Previously, Gamon et al. presented Pulse, a clustered visualisation technique for displaying customer review data. This calculates the average review per cluster and incorporates a treemap. Gregory et al. focused on sentiment analysis but did not only
calculate a positive or negative outcome. Instead, they identified more detailed thoughts such as pleasure, pain, power, conflict, etc. These data are rendered primarily through radial plotting methods such as the rose plot.
Wu et al. presented OpinionSeer, interactive software that presents customer feedback of hotels. The opinion data are mined from Trip Advisor, a popular venue review website. The main focus of this visualisation is the opinion wheel. See Figure 27 on
page 41.
Figure 27. (a) The OpinionSeer temporal rings at different scales. Each layer represents a year and the colour depicts the feedback. (b) The reviewer location linked in with the time of year the review is made. The user selects the location from the outside ring to see the feedback from that country.
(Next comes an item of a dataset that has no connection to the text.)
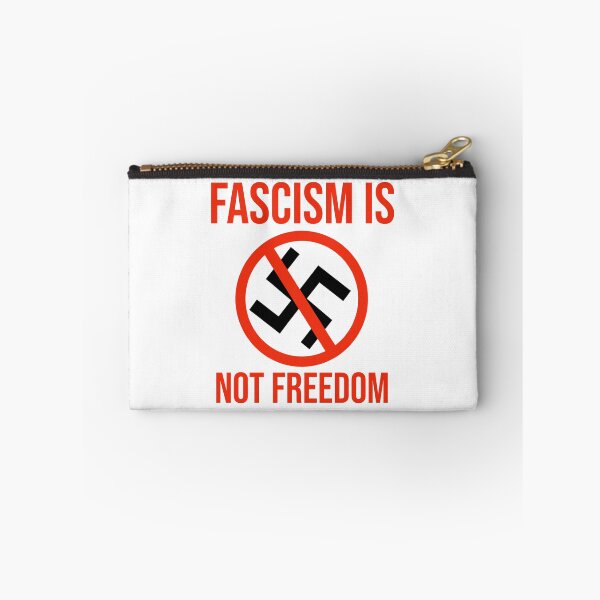 Item preview, Fascism is not freedom. designed and sold by Rachel the Artist .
Image courtesy of Wu et al.
The vertices of the opinion triangle represent the reviewer's disbelief, uncertainty, and belief. The three component values are weighted so that one coordinate can be plotted to represent the value for all the variables. This triangle lies at the centre
of the OpinionSeer. The software offers multiple options for the ring of the radial layout. Some discretise the ring into sections representing the age demographic of the reviewer and then colour the section according to the average scores by the
reviewers. Some use a layering system to present the same information and variations of these to present the demographic of reviewers along with the review data. The interactive software is designed such that users may analyse the data at different
levels of detail. The user can focus on one aspect of the hotel service and compare these, or rather look at the hotel overview data. In addition to the opinion triangle and rings, a word cloud is used to analyse the textual customer feedback data.
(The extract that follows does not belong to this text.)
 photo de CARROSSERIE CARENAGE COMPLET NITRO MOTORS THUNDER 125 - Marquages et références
Previous work in the field often uses standardised bar charts to present customer feedback data. Scatter plots have been suggested to present positive/negative customer data. Similar software systems have been created but are less flexible and are not
as versatile.
Hao et al. utilised the abundant resource of social media feedback by analysing the customer reception of products worldwide. The customer sentiment is analysed from the text data and then visualised using a geo-temporal map.
The data are mined from Twitter due to the ease of access, quality of meta-data such as location, etc., subject availability from hashtags and concise messages limited to 140 characters. Given that the text streams are unpredictable, each noun or compound-noun
in the message is run through sentiment analysis algorithms and an average sentiment value is derived for each message. Once the sentiment is quantified, the values can be mapped (depending on the quality of information) to a geo-spatial heat map.
In addition to the geo-map, a matrix plot-like view can visualise the location against the days in a month. This temporal view can show the change in product sentiment over time.
The analysis of Twitter data is thoroughly studied, as is sentiment analysis from text data. Popescu and Etzitoni proposed a noun filtering method for text analysis so that message noise is removed. More semantic rules were developed to improve the analysis
quality from the data. Feature-based sentiment visualisation was developed for customer feedback streams and forms the basis of Hao et al.'s research. Saga and Yagi researched network visualisation of customer expectation through use of a web
crawler that collects feedback data from the search engine Bing. The results are automatically collated into an expectation network which presents words from the feedback as nodes in the network and the connecting edges represent the relationships
between the words. The case study in this paper explores customer expectations for coffee products, and how different segments of customers prioritise different qualities in the coffee such as bitter or richness. The network provides a holistic viewpoint
from multiple customer perspectives.